Pleviak School could have new uses, Dist. 41 officials say
The new school year will be the last for Lake Villa's J.J. Pleviak Elementary School, but the 103-year-old facility isn't headed for demolition, District 41 officials said Monday.
"The building will be put to use, some community use," Superintendent John Van Pelt said during the school board's meeting at Palombi Middle School.
Those uses haven't yet been determined.
"That process is ongoing," Van Pelt said.
Van Pelt has spoken with Lake Villa Township Supervisor Dan Venturi about the future of the site. Venturi attended the meeting and said his board is concerned about the cost of taking over the school and running programs there.
Even so, Venturi called the prospect of a partnership "a very exciting opportunity." He talked about day care for young children or older adults and other possible uses.
"It seems like there's a lot of opportunity there," Venturi said.
The school board voted in June to close Pleviak, which stands at the corner of Route 83 and Grand Avenue, at the end of the 2013-14 term.
Classes begin Wednesday, Aug. 21.
Originally known as Central School, the facility was built in 1910. It was renamed after a former teacher and principal in 1973.
Financial concerns and decreasing enrollment were the key factors behind the decision. Three other elementary schools -- B.J. Hooper, William L. Thompson and Olive C. Martin -- will remain open. A grade-level realignment has been proposed as officials work to determine where kids who would have attended Pleviak will attend classes.
Palombi Middle isn't affected.
Officials on Monday acknowledged there has been some concern in the community that the school would be demolished.

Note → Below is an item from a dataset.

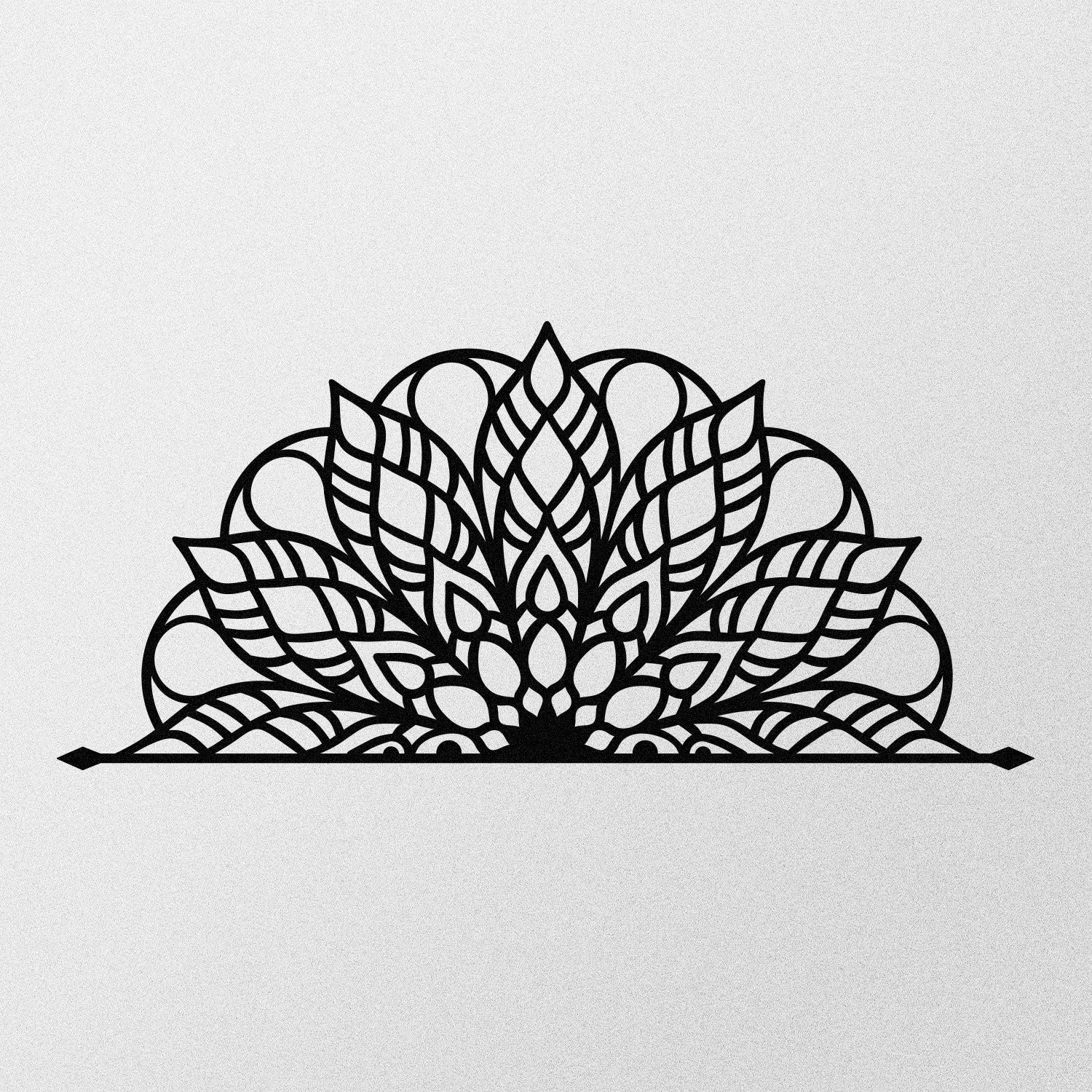Amor – Acessório Decorativo de Parede em Metal Preto 160 x 72 cm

That isn't the plan, they said.
Some board members said they want to include information about Pleviak's future in the next electronic newsletter, which is scheduled to be released Friday.
Board member Darla Vanderwall said she wants to include the community in the planning process, and others agreed.
Board member Joanne Osmond said she has "a lot of great ideas" for the building.
"I truly think it's going to be well used," Osmond said, adding that the Lindenhurst Park District is also interested in the building.